TASK DETAILS:
In the entries below, find the line containing "Obraz na płótnie", then copy it and every later line exactly, ending with the last line.

[Collection entries]
--*--
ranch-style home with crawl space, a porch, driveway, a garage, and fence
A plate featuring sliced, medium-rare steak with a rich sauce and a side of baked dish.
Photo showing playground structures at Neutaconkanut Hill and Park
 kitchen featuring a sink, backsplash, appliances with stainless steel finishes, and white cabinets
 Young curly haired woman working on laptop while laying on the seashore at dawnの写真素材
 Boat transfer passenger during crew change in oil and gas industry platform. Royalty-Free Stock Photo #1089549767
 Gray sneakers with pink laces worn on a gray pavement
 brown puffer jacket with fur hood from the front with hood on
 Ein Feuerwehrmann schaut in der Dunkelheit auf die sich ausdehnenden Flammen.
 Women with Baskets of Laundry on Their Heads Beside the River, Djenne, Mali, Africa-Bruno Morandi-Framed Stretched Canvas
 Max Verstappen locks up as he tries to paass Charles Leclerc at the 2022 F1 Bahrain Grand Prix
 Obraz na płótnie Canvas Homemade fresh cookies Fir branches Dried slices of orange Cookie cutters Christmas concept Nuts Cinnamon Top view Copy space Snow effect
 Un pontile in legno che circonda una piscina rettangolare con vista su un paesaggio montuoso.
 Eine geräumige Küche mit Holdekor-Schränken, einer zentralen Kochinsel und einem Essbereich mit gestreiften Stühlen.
--*--
TASK SOLUTION:
 Obraz na płótnie Canvas Homemade fresh cookies Fir branches Dried slices of orange Cookie cutters Christmas concept Nuts Cinnamon Top view Copy space Snow effect
 Un pontile in legno che circonda una piscina rettangolare con vista su un paesaggio montuoso.
 Eine geräumige Küche mit Holdekor-Schränken, einer zentralen Kochinsel und einem Essbereich mit gestreiften Stühlen.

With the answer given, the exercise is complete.